Crawled caption data
== Segment start ==

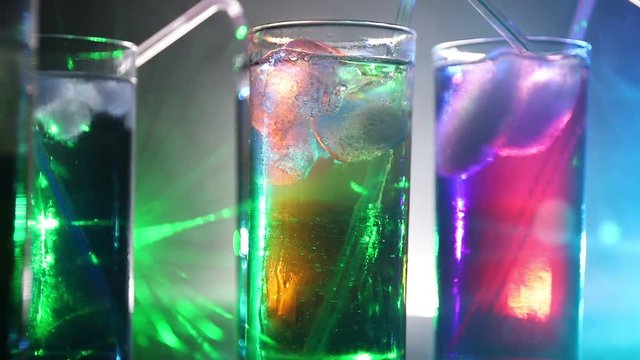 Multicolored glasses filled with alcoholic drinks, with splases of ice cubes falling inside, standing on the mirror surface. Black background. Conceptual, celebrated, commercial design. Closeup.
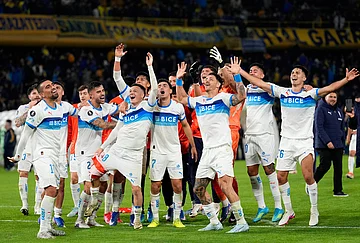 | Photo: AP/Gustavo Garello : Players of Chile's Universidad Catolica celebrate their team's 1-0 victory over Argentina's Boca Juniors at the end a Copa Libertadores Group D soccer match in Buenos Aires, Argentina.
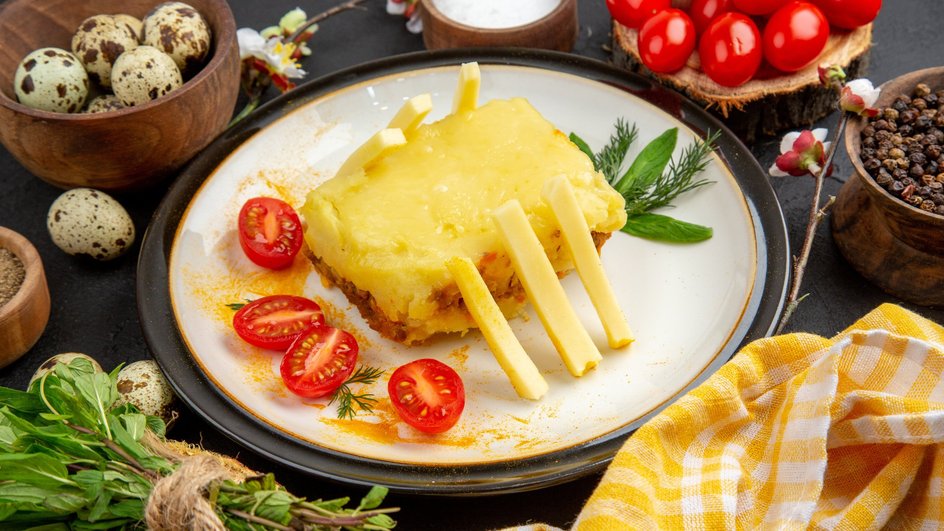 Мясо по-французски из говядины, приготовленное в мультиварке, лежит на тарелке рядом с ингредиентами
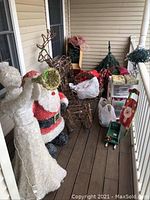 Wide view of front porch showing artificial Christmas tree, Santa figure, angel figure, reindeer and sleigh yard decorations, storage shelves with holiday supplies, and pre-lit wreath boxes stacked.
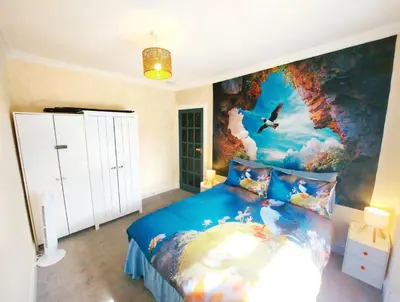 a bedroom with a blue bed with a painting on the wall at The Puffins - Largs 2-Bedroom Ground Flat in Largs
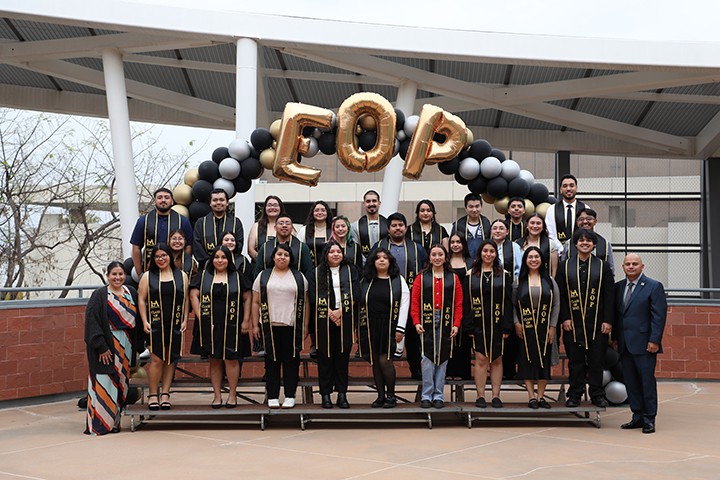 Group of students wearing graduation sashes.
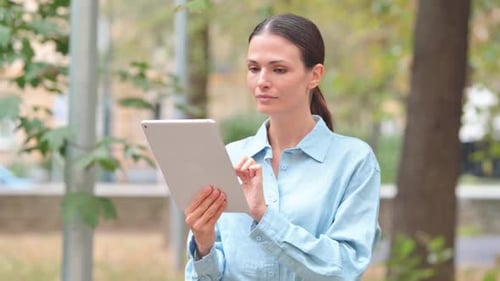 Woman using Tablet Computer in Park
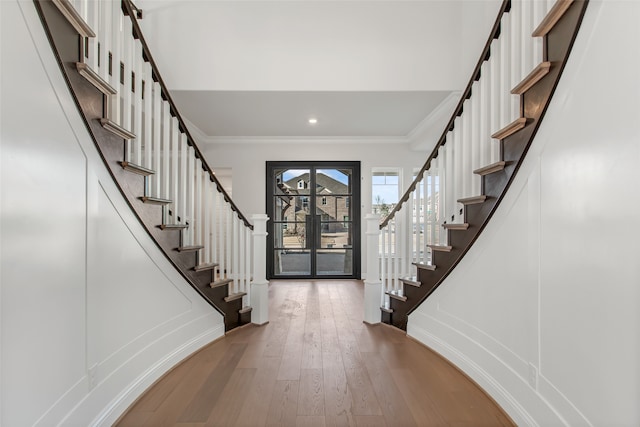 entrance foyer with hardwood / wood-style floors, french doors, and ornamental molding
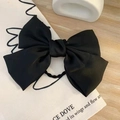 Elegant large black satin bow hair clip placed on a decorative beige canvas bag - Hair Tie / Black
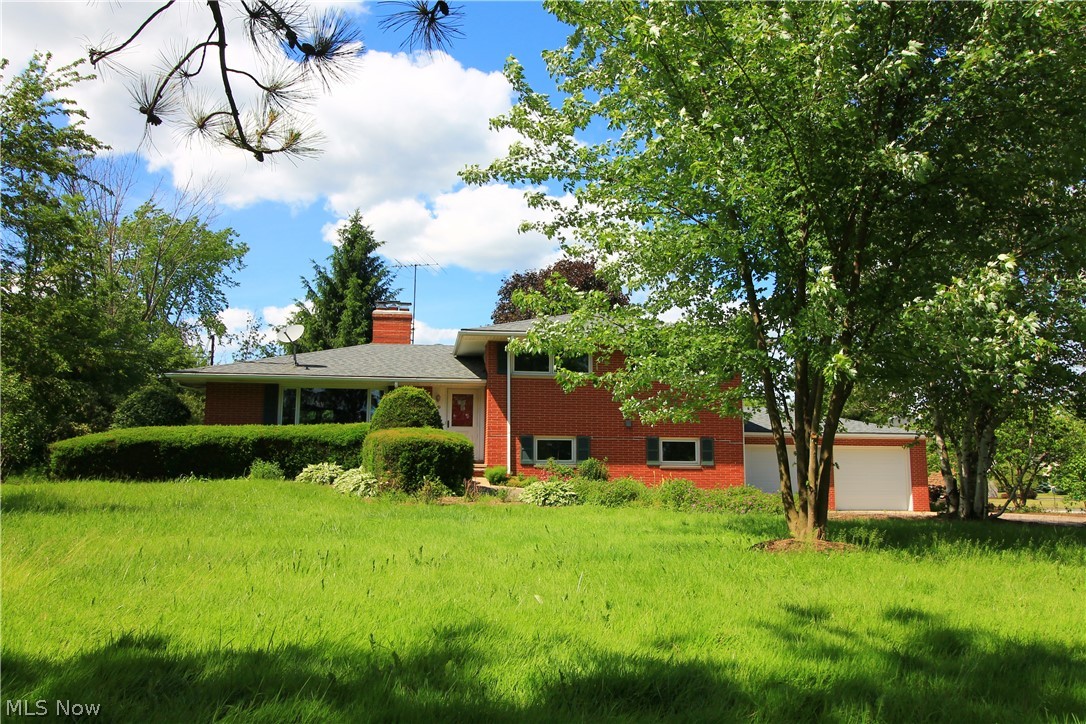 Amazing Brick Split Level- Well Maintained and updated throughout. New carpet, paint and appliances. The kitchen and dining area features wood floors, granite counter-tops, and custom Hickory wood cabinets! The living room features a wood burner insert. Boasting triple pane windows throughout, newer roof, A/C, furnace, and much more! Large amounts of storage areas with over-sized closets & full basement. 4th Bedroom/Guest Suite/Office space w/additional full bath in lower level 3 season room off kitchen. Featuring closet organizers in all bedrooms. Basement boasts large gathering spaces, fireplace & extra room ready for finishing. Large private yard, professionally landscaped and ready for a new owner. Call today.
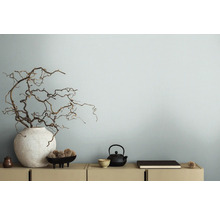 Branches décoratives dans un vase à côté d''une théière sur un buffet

== Segment end ==

What is being asked ▸
Transcribe exactly each line of the records from the start up to and including the one with "Elegant large black", and leave out every picture.

Result for this task ▸
 Multicolored glasses filled with alcoholic drinks, with splases of ice cubes falling inside, standing on the mirror surface. Black background. Conceptual, celebrated, commercial design. Closeup.
 | Photo: AP/Gustavo Garello : Players of Chile's Universidad Catolica celebrate their team's 1-0 victory over Argentina's Boca Juniors at the end a Copa Libertadores Group D soccer match in Buenos Aires, Argentina.
 Мясо по-французски из говядины, приготовленное в мультиварке, лежит на тарелке рядом с ингредиентами
 Wide view of front porch showing artificial Christmas tree, Santa figure, angel figure, reindeer and sleigh yard decorations, storage shelves with holiday supplies, and pre-lit wreath boxes stacked.
 a bedroom with a blue bed with a painting on the wall at The Puffins - Largs 2-Bedroom Ground Flat in Largs
 Group of students wearing graduation sashes.
 Woman using Tablet Computer in Park
 entrance foyer with hardwood / wood-style floors, french doors, and ornamental molding
 Elegant large black satin bow hair clip placed on a decorative beige canvas bag - Hair Tie / Black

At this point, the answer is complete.